Word for word, restate the entries below and exclude every image.

== DATA EXTRACTS

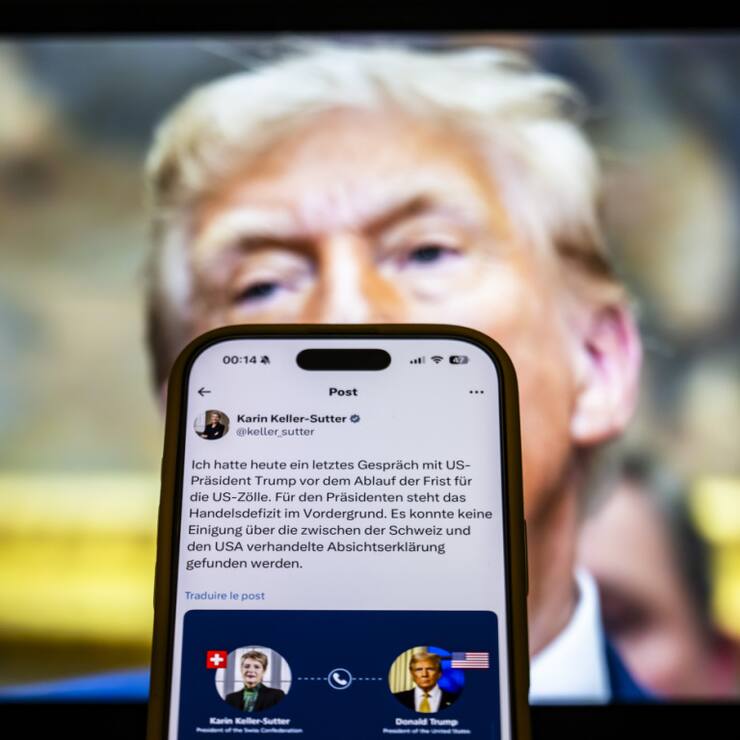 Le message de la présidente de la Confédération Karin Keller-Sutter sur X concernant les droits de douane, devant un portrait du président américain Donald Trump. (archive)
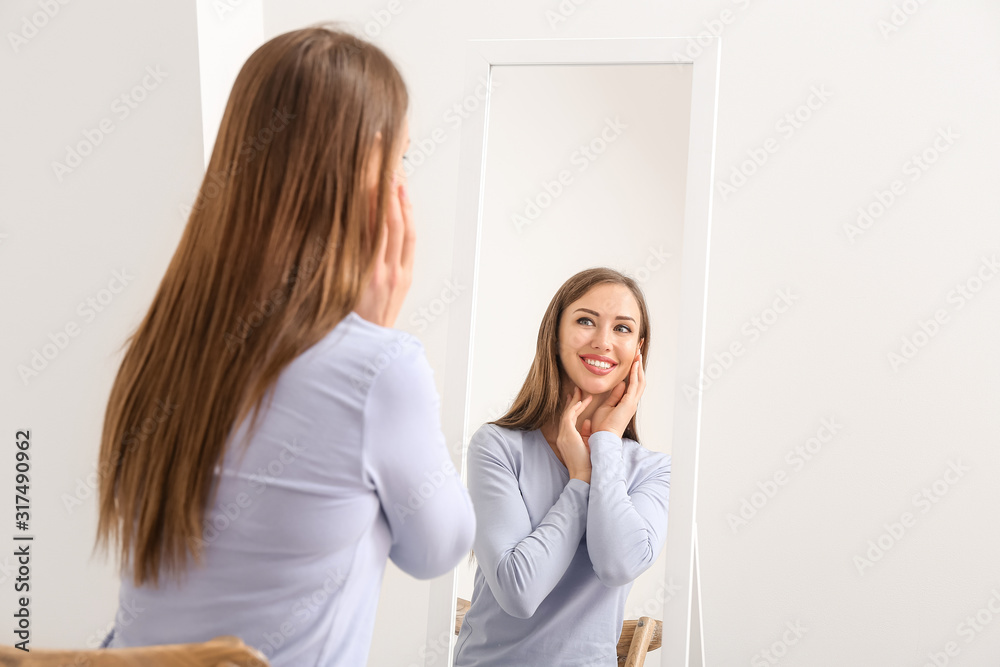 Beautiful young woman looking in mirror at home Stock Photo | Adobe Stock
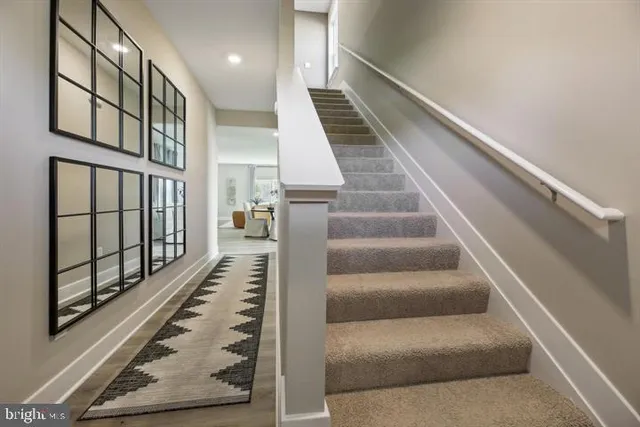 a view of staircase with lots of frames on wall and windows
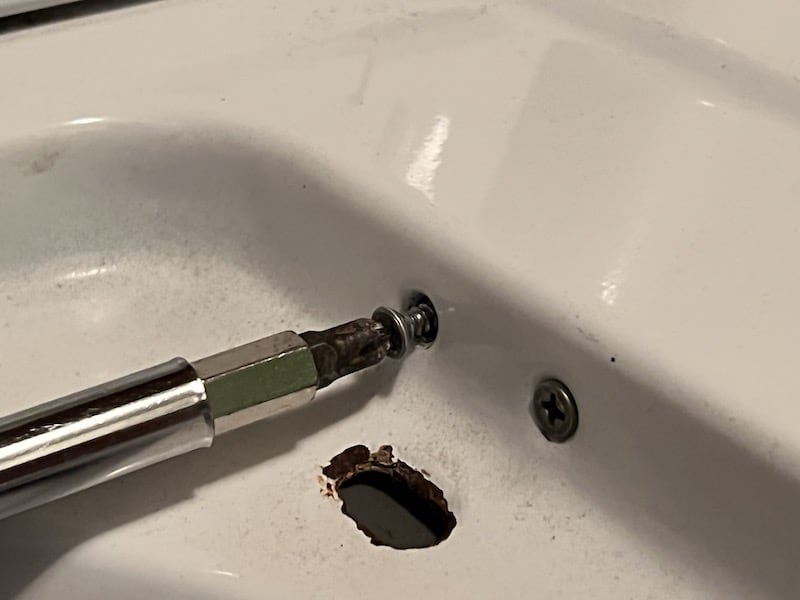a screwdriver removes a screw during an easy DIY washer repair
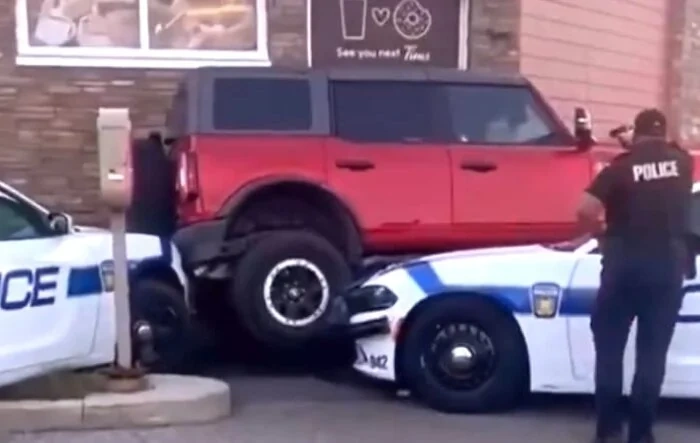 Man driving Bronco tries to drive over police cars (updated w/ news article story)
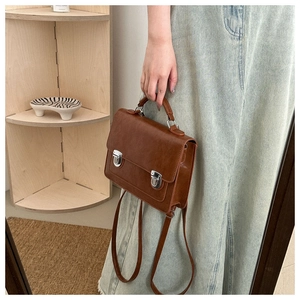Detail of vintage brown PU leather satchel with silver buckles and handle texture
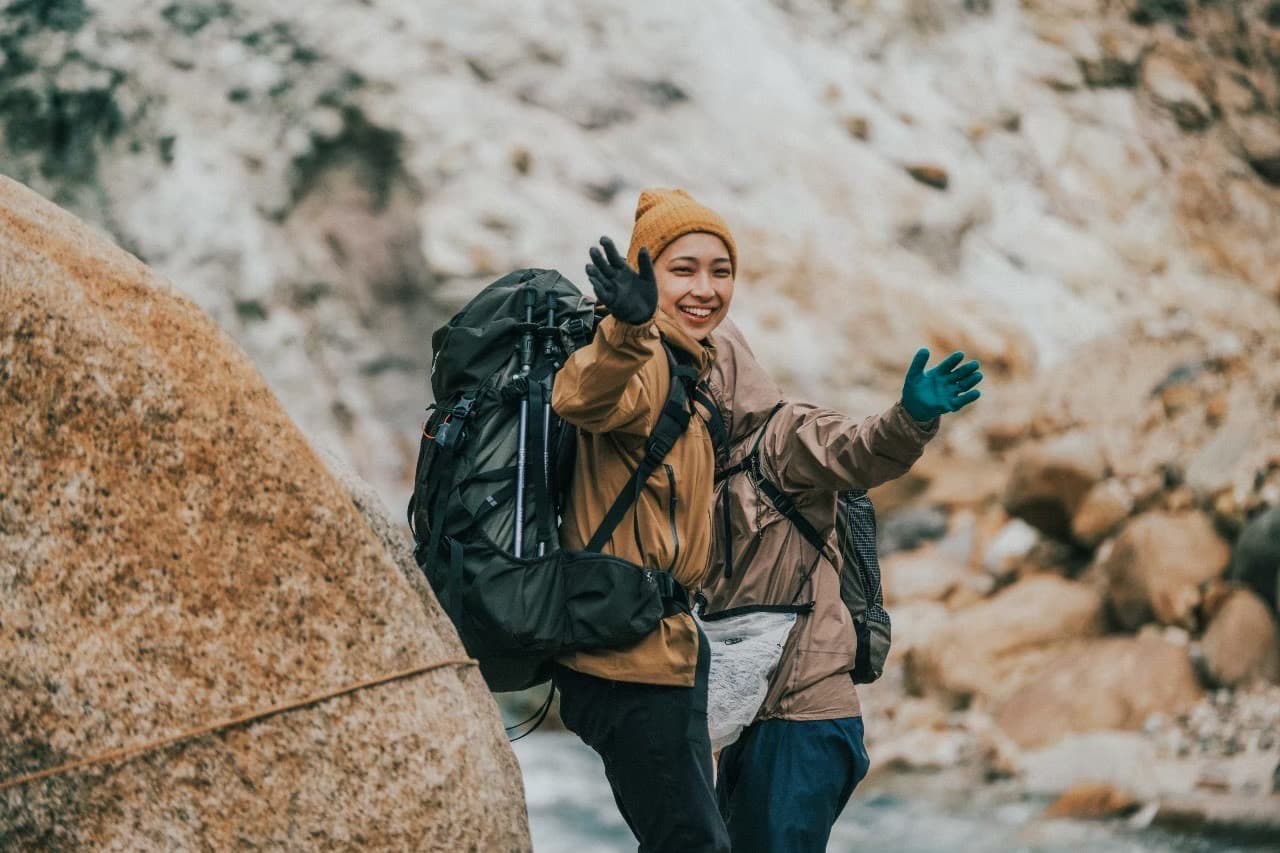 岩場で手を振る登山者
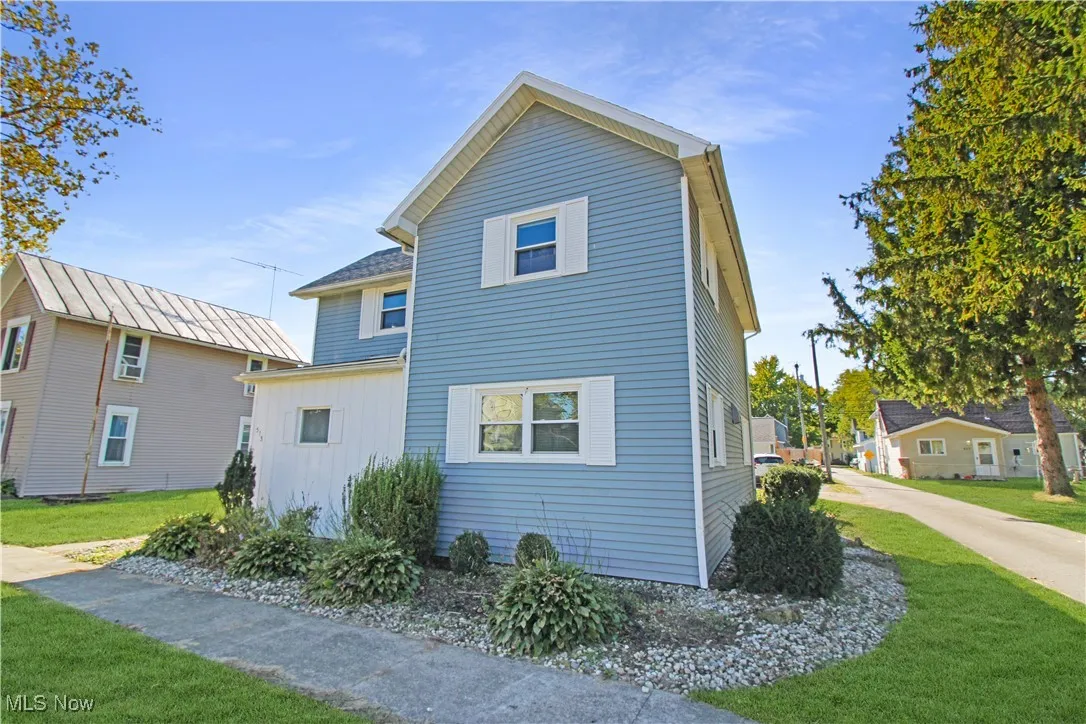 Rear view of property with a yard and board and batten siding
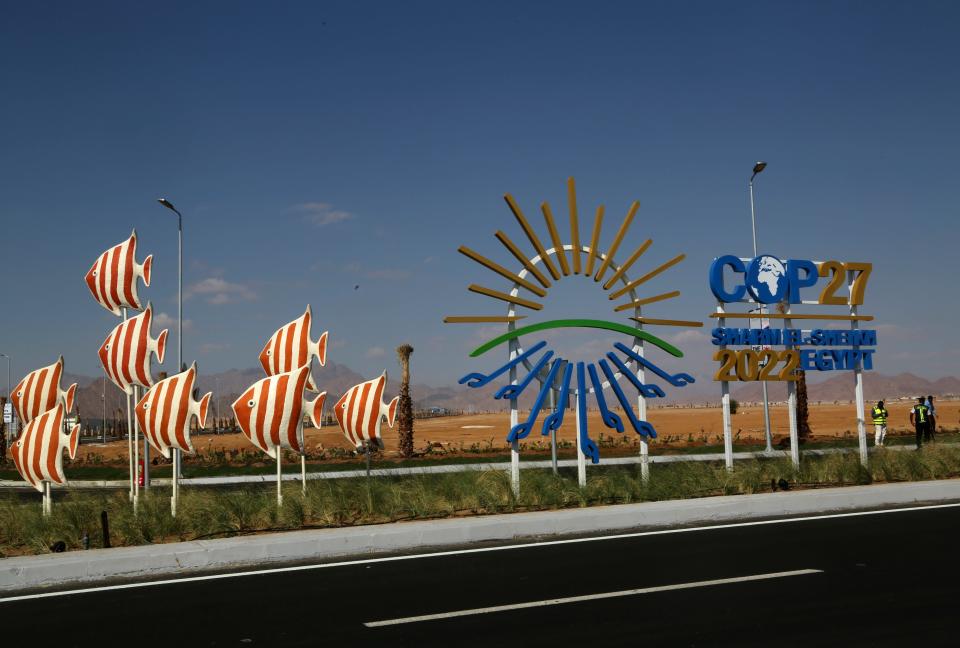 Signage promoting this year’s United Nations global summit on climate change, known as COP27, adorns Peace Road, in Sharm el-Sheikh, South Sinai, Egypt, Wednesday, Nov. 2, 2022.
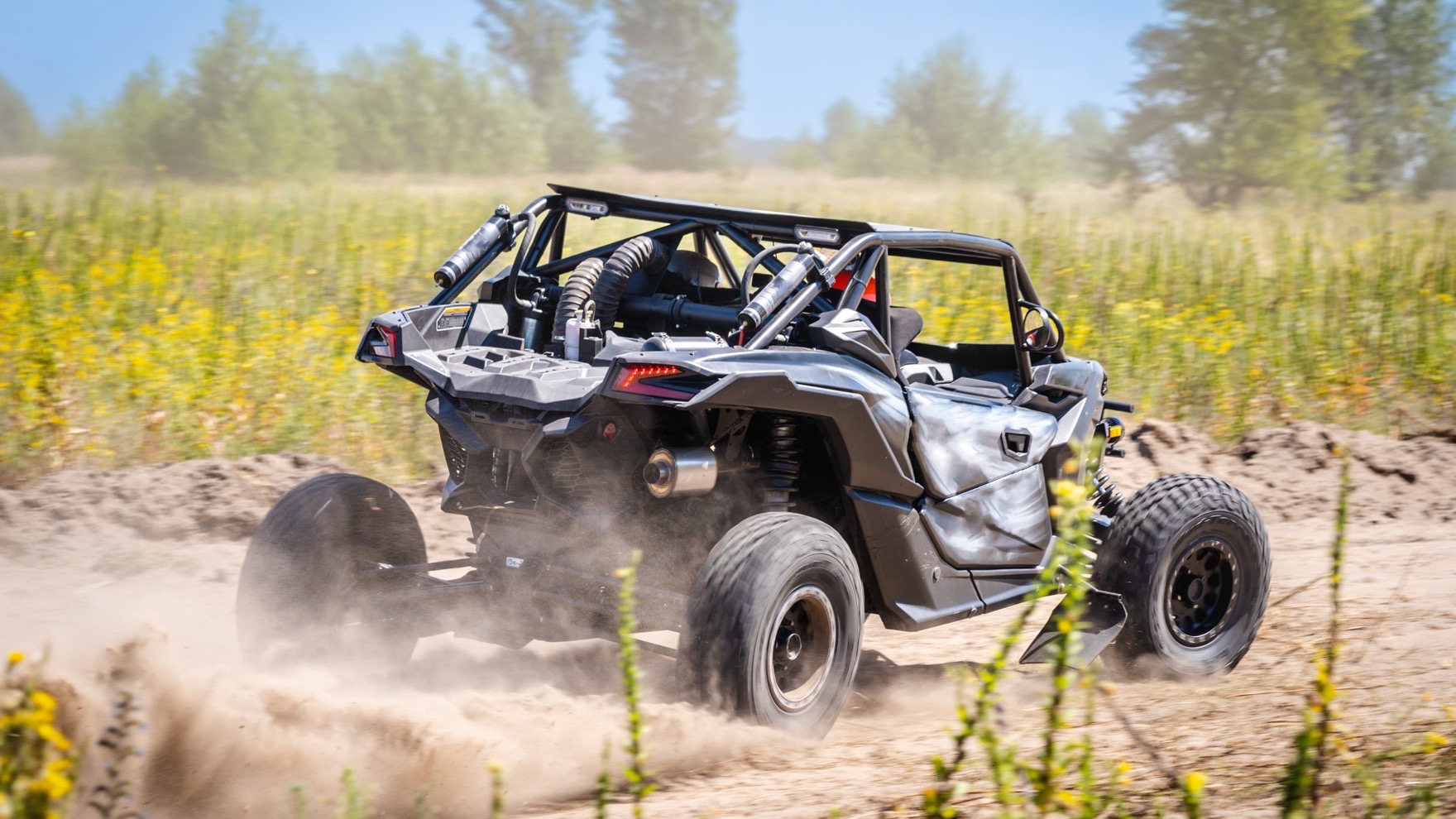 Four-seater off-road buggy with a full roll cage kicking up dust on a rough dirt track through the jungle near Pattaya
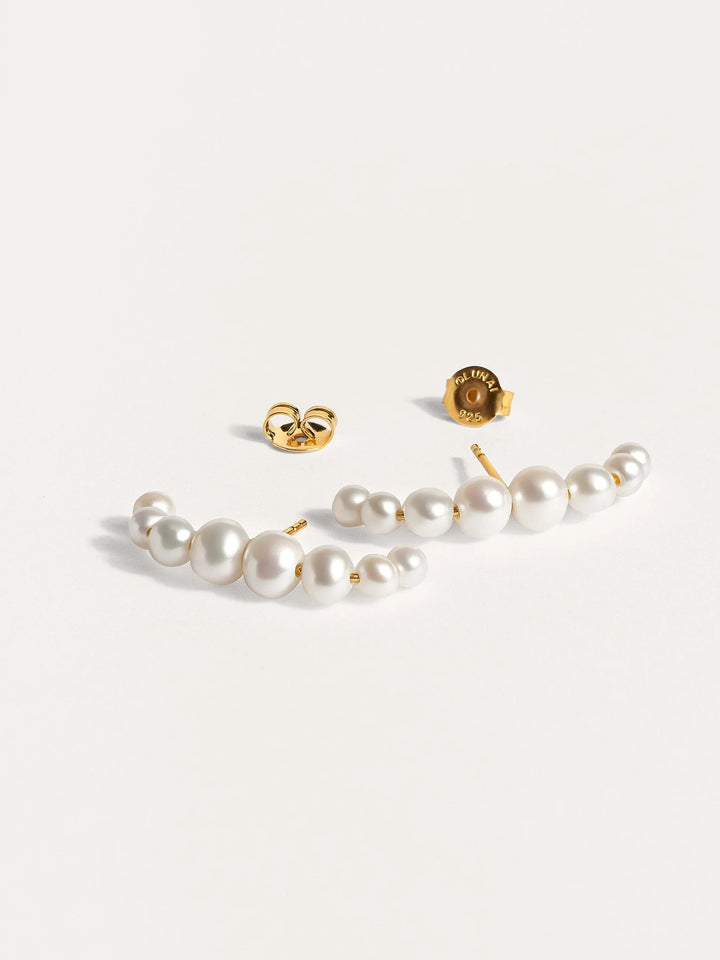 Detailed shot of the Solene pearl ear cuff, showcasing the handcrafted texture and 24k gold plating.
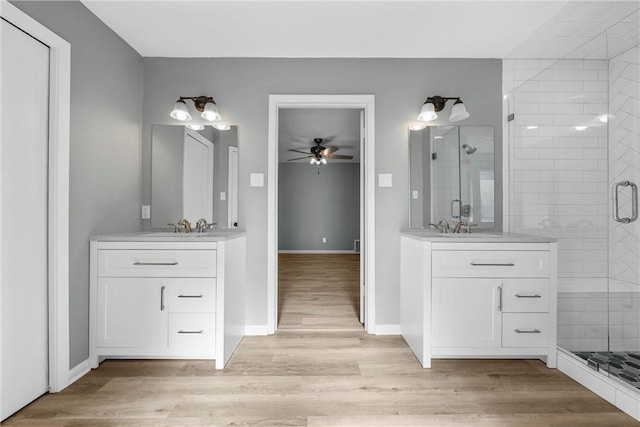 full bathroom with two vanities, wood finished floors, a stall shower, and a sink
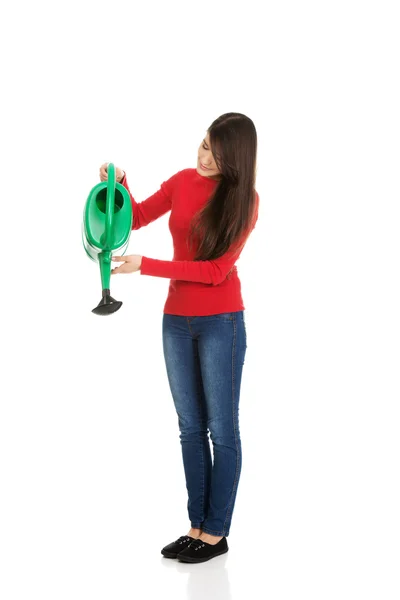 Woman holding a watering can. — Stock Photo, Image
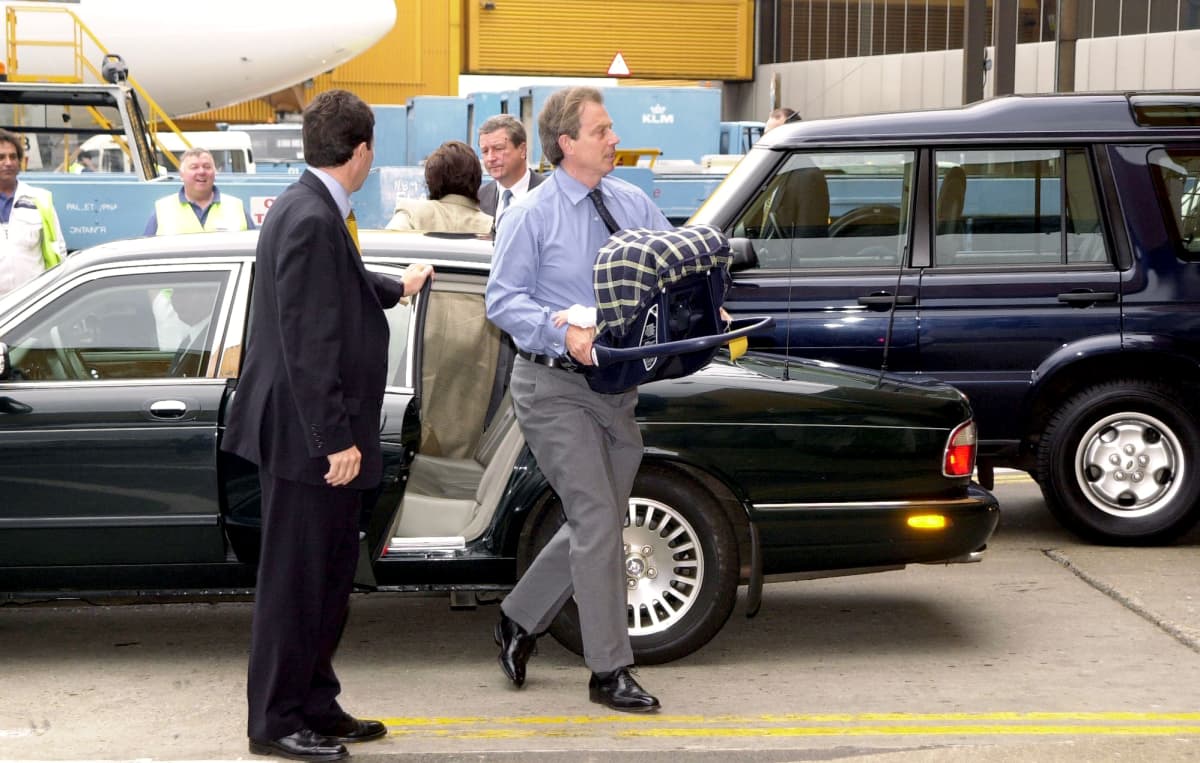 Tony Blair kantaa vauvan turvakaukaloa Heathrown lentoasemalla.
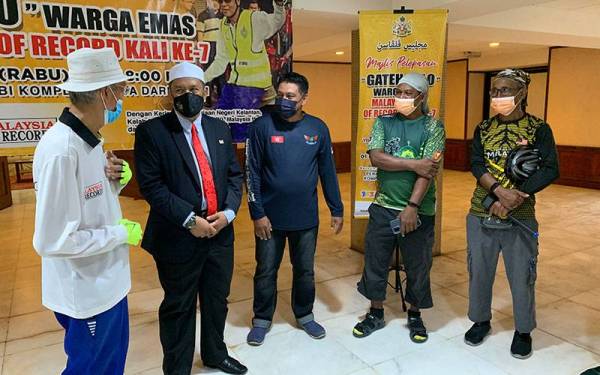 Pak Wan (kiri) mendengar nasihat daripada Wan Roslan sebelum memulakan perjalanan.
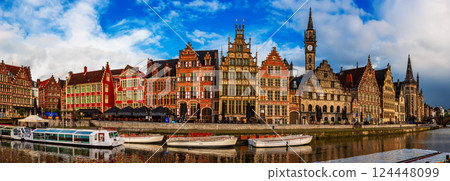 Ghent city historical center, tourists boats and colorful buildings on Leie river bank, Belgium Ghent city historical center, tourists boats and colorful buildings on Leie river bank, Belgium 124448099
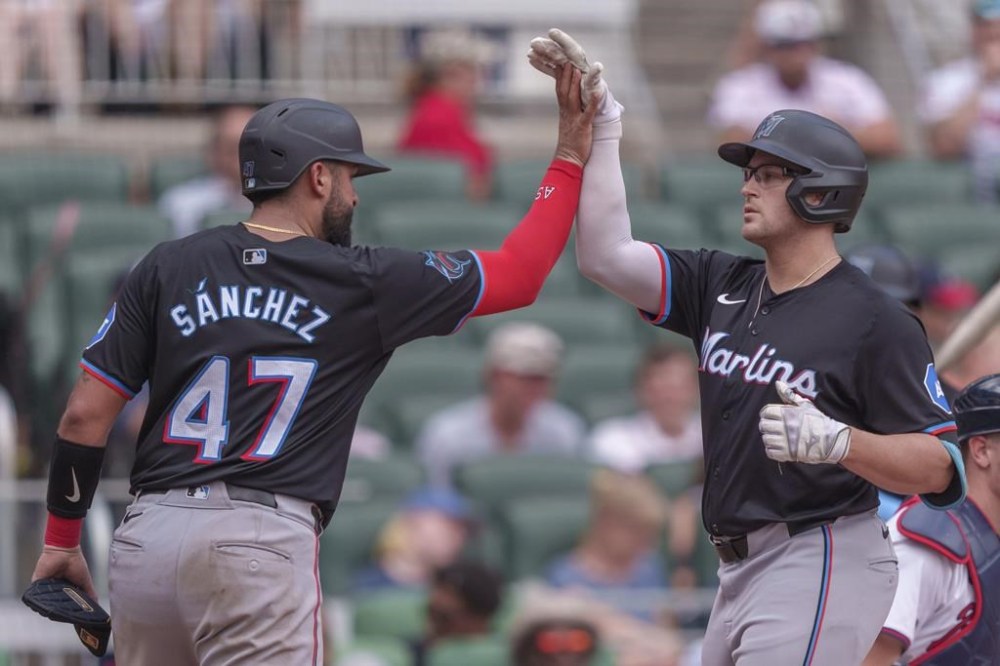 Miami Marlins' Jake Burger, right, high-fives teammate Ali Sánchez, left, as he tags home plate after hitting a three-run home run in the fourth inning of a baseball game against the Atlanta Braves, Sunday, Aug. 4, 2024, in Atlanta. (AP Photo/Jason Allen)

====

_EXERCISE RESULT_
 Le message de la présidente de la Confédération Karin Keller-Sutter sur X concernant les droits de douane, devant un portrait du président américain Donald Trump. (archive)
 Beautiful young woman looking in mirror at home Stock Photo | Adobe Stock
 a view of staircase with lots of frames on wall and windows
a screwdriver removes a screw during an easy DIY washer repair
 Man driving Bronco tries to drive over police cars (updated w/ news article story)
Detail of vintage brown PU leather satchel with silver buckles and handle texture
 岩場で手を振る登山者
 Rear view of property with a yard and board and batten siding
 Signage promoting this year’s United Nations global summit on climate change, known as COP27, adorns Peace Road, in Sharm el-Sheikh, South Sinai, Egypt, Wednesday, Nov. 2, 2022.
 Four-seater off-road buggy with a full roll cage kicking up dust on a rough dirt track through the jungle near Pattaya
 Detailed shot of the Solene pearl ear cuff, showcasing the handcrafted texture and 24k gold plating.
 full bathroom with two vanities, wood finished floors, a stall shower, and a sink
 Woman holding a watering can. — Stock Photo, Image
 Tony Blair kantaa vauvan turvakaukaloa Heathrown lentoasemalla.
 Pak Wan (kiri) mendengar nasihat daripada Wan Roslan sebelum memulakan perjalanan.
 Ghent city historical center, tourists boats and colorful buildings on Leie river bank, Belgium Ghent city historical center, tourists boats and colorful buildings on Leie river bank, Belgium 124448099
 Miami Marlins' Jake Burger, right, high-fives teammate Ali Sánchez, left, as he tags home plate after hitting a three-run home run in the fourth inning of a baseball game against the Atlanta Braves, Sunday, Aug. 4, 2024, in Atlanta. (AP Photo/Jason Allen)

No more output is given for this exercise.